Saturday, September 15, 2012

The Debris of the Soul


The complete cinematic experience consists of the interaction between the external screen and our internal emotions. With this spirit, I watched Beasts of the Southern Wild, a visually enchanting and difficult movie. In it, the apocalyptic photography, the music, and the sound produce a dreamy dimension. This movie is about being brave, about desperate love that transcends the boundaries of bodies and spaces. It is ultimately about the transmission of knowledge from parents to daughter.

The setting is a surreal industrial pre and post Katrina “bathtub.” The leading actor is a child with the acting skills of Marlon Brando, who carries the audience along the debris of souls, the shanty and disordered places, and the magic of realism. Hushpuppy is her name. The movie has few direct dialogues. What we see, hear, and perceive is through Hushpuppy’s eyes. Some actors are silent throughout the length of the movie. Some others are the background of a marginal world where children wonder around and they are always cared as one’s own.
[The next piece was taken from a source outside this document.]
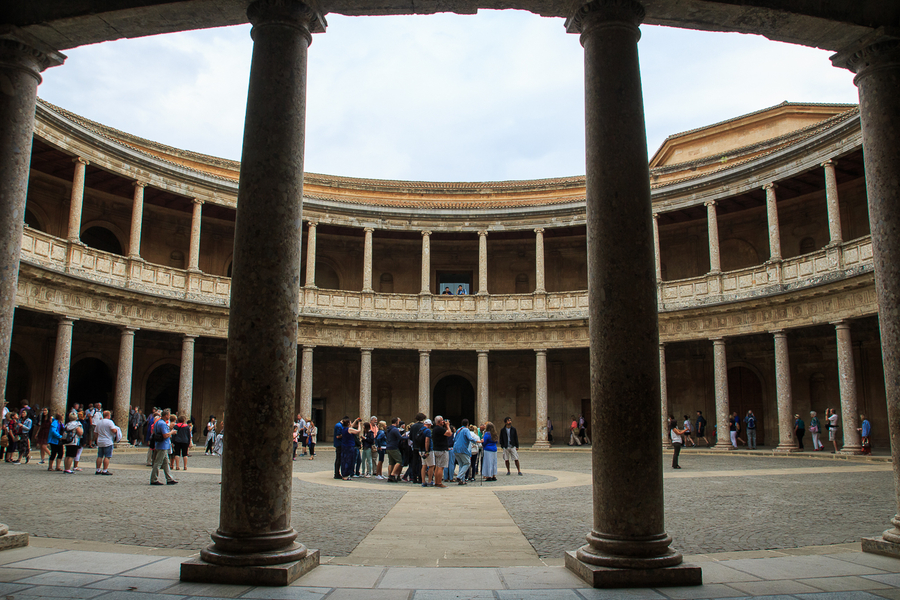 Palacio circular de Carlos V en la Alhambra Palacio circular de Carlos V en la Alhambra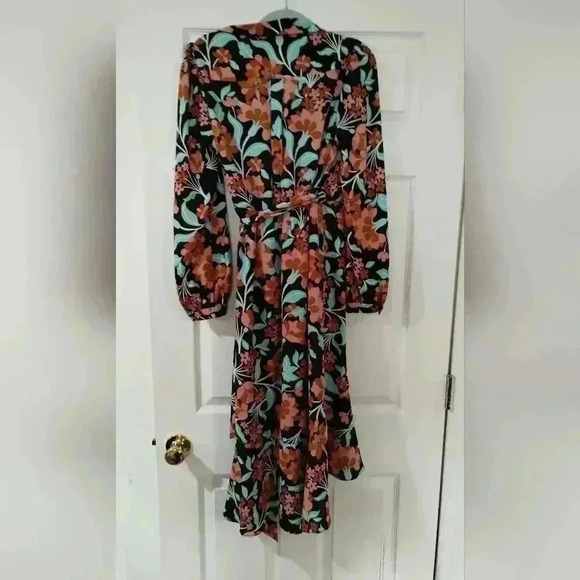 Diane Von Furstenberg iconic wrap dress Sz M worn once - Picture 4 of 6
A scene, a joyful break in the story, reveals a floating world of sex trade, joyful encounters, and recuperated love. Food, dance, affection surround Hushpuppy and her silent friends who finally find some peace in the loving harms of “girls girls girls.” This movie moves at every scene; it embraces the audience. Suddenly the emotions of impossibility and apparent motionlessness leave the path to distraction from one's self because stories develop despite and beyond boundaries and expectations. 

1 comment:

  1. I saw the film and still wrestle with what to write about it. I will say that it seems like a "pre-modern parable" for a civilization that due to global warming will be re-introduced to it's direct relationship to the natural world. Unlike their regional neighbors, Hushpuppy and her community seem more than ready for the storm, "It's just a little water!" because they still remained in sync with their surroundings. It could be read as a primitivist portrayal of poor people in Louisiana but the deep emotional palettes of the characters and the power of their relations, show fully formed characters.